# [What you should do]
Give the data again word for word; drop the pictures.

START Data for the task

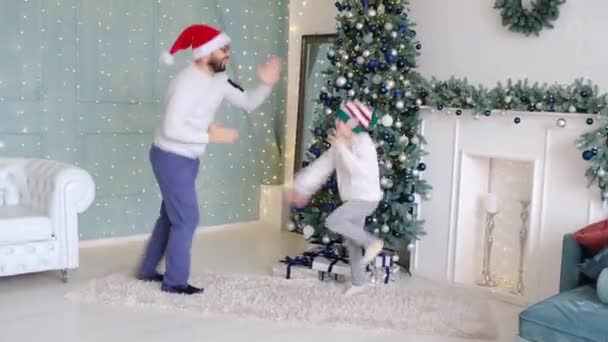 Tata tańczy ze swoim synkiem, ciesząc się Bożym Narodzeniem razem w ozdobnym pokoju w domu z jasno oświetlonymi światłami i choinką. — Wideo stockowe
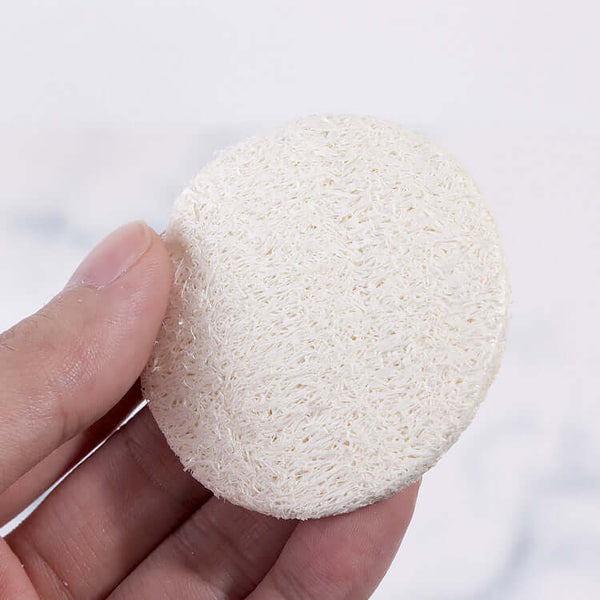 Round reusable loofah facial sponge for skincare and makeup removal, 5.8cm size, eco-friendly and exfoliating.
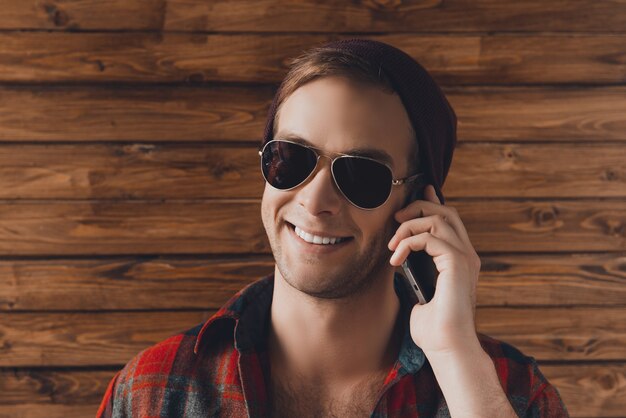 Porträt des glücklichen jungen Mannes im Hut und in den Spektakeln, die am Telefon sprechen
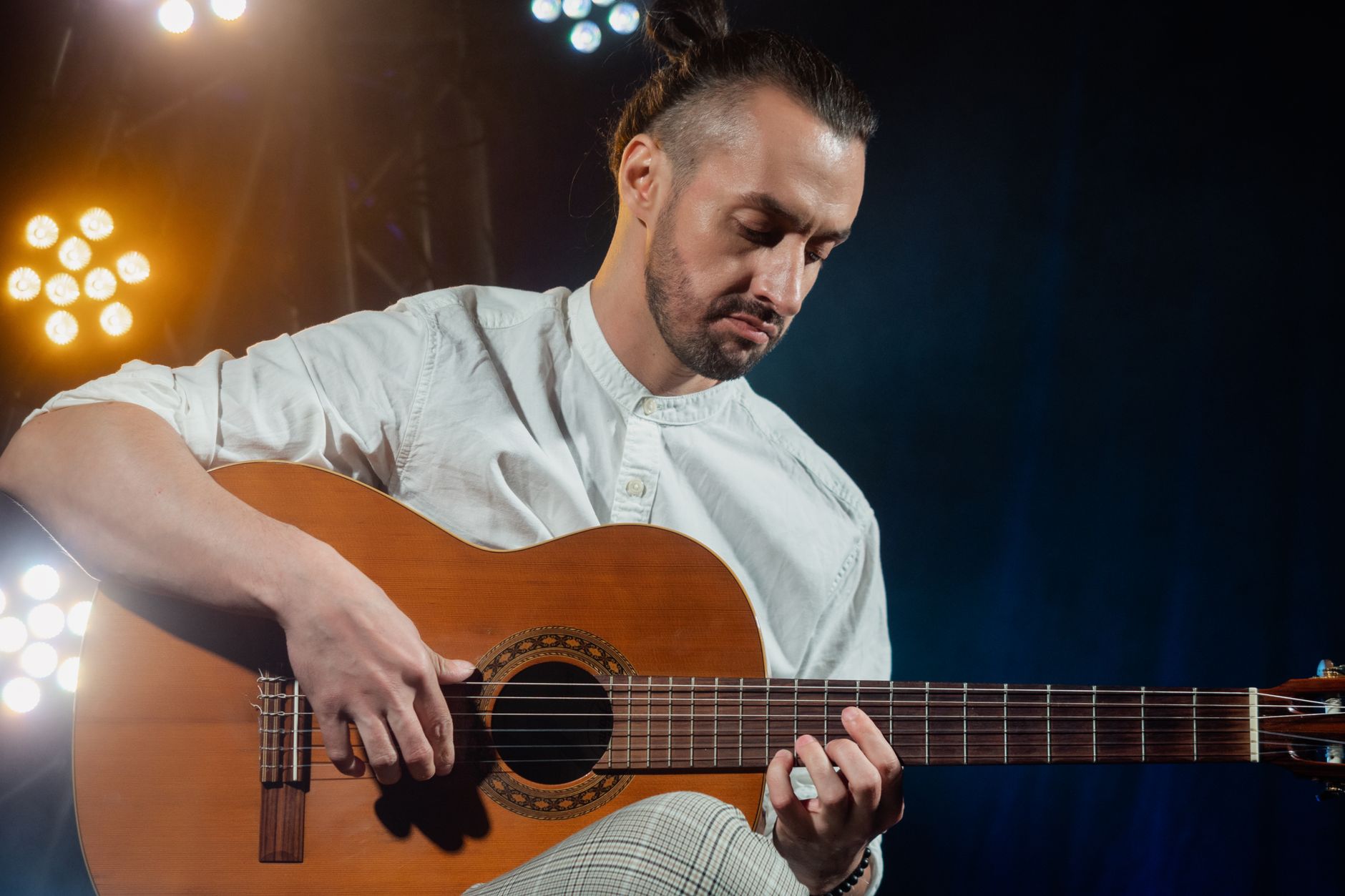 Guitarrista tocando una guitarra clásica bajo luces de escenario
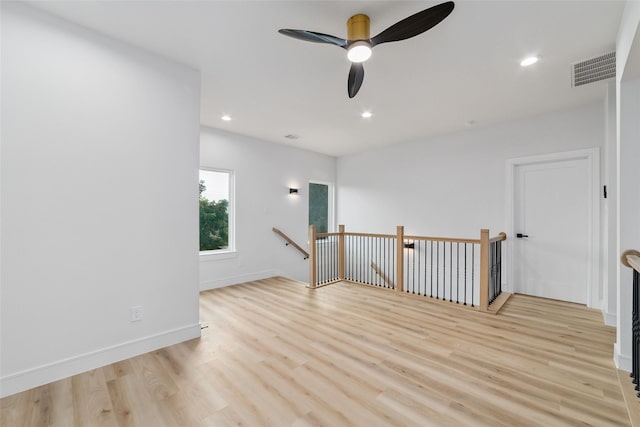 6715 England St, Houston, TX 77021 - spare room featuring light wood-style flooring, ceiling fan, and recessed lighting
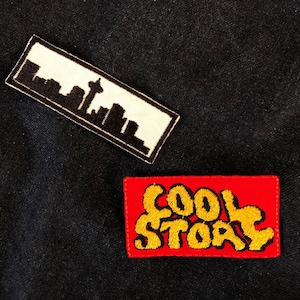 May include: Two embroidered patches. One is white with a black silhouette of a city skyline. The other is red with the words "COOL STORY" in yellow.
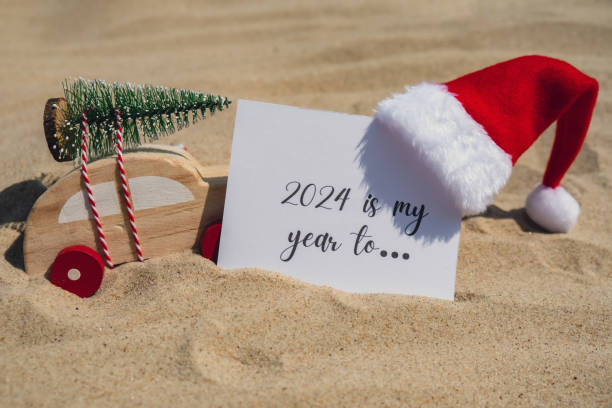 2024 IS MY YEAR TO... text on paper greeting card on background sandy beach sun coast. Christmas balls Santa hat New Year New Me Resolutions decoration. Summer vacation decor. Holiday concept calendar date postcard. Getting away Travel Business concept 2024 es mi aÑo para.. texto sobre papel tarjeta de felicitación en el fondo playa de arena sun coast. bolas de navidad sombrero de papá noel año nuevo nuevo me resoluciones decoración. decoración de vacaciones de verano. concepto de vacaciones calend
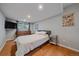 Cozy bedroom featuring hardwood floors, a large window, and neutral tones at 7911 Raleigh Pl, Westminster, CO 80030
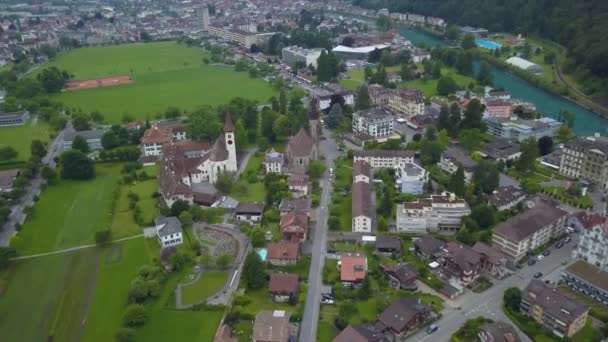 瑞士阿尔卑斯山畔因特拉肯山谷的天主教和新教教堂被布满树木的山丘环绕 空中俯瞰 — 图库视频影像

END Data for the task

# [Answer space]
 Tata tańczy ze swoim synkiem, ciesząc się Bożym Narodzeniem razem w ozdobnym pokoju w domu z jasno oświetlonymi światłami i choinką. — Wideo stockowe
 Round reusable loofah facial sponge for skincare and makeup removal, 5.8cm size, eco-friendly and exfoliating.
 Porträt des glücklichen jungen Mannes im Hut und in den Spektakeln, die am Telefon sprechen
 Guitarrista tocando una guitarra clásica bajo luces de escenario
 6715 England St, Houston, TX 77021 - spare room featuring light wood-style flooring, ceiling fan, and recessed lighting
 May include: Two embroidered patches. One is white with a black silhouette of a city skyline. The other is red with the words "COOL STORY" in yellow.
 2024 IS MY YEAR TO... text on paper greeting card on background sandy beach sun coast. Christmas balls Santa hat New Year New Me Resolutions decoration. Summer vacation decor. Holiday concept calendar date postcard. Getting away Travel Business concept 2024 es mi aÑo para.. texto sobre papel tarjeta de felicitación en el fondo playa de arena sun coast. bolas de navidad sombrero de papá noel año nuevo nuevo me resoluciones decoración. decoración de vacaciones de verano. concepto de vacaciones calend
 Cozy bedroom featuring hardwood floors, a large window, and neutral tones at 7911 Raleigh Pl, Westminster, CO 80030
 瑞士阿尔卑斯山畔因特拉肯山谷的天主教和新教教堂被布满树木的山丘环绕 空中俯瞰 — 图库视频影像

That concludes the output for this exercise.